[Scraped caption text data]
══════════

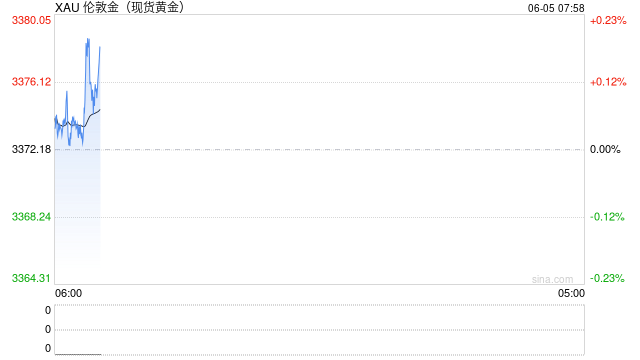 ADP爆冷引发衰退担忧，金价止跌企稳 第2张
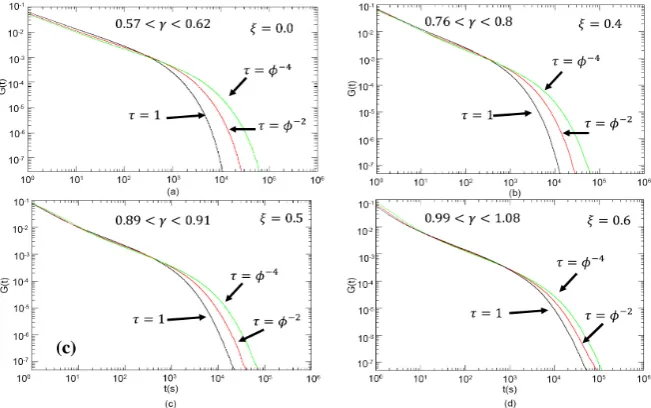 Figure 2. Computed memory function G(t) in 2-D structure with 510 × 510 pixels size along z direction versus G(t) in 3-D structure with 510 × 510 × 510 pixels size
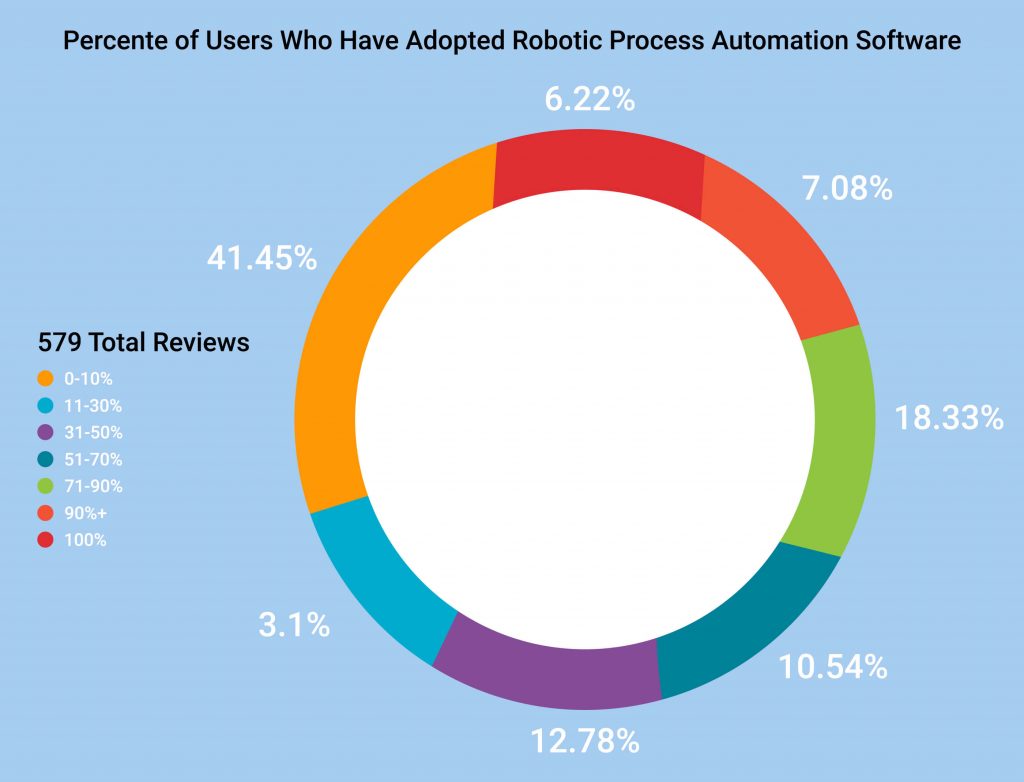 Percente of Users Who Have Adopted Robotic Process Automation Software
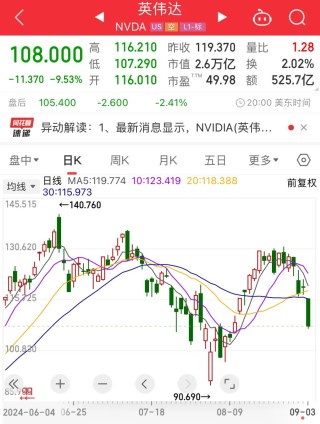 突发！英伟达收到美司法部传票
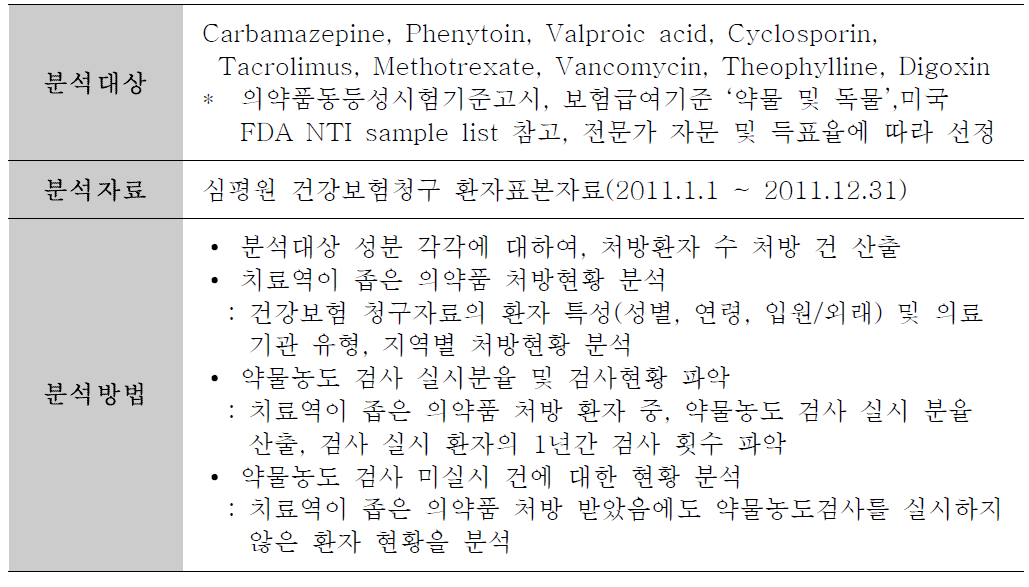 치료역이 좁은 의약품에 대한 분석 방법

══════════

Exercise brief - Apart from the pictures, every line of the data above should be given again exactly.

Exercise response -
 ADP爆冷引发衰退担忧，金价止跌企稳 第2张
 Figure 2. Computed memory function G(t) in 2-D structure with 510 × 510 pixels size along z direction versus G(t) in 3-D structure with 510 × 510 × 510 pixels size
 Percente of Users Who Have Adopted Robotic Process Automation Software
 突发！英伟达收到美司法部传票
 치료역이 좁은 의약품에 대한 분석 방법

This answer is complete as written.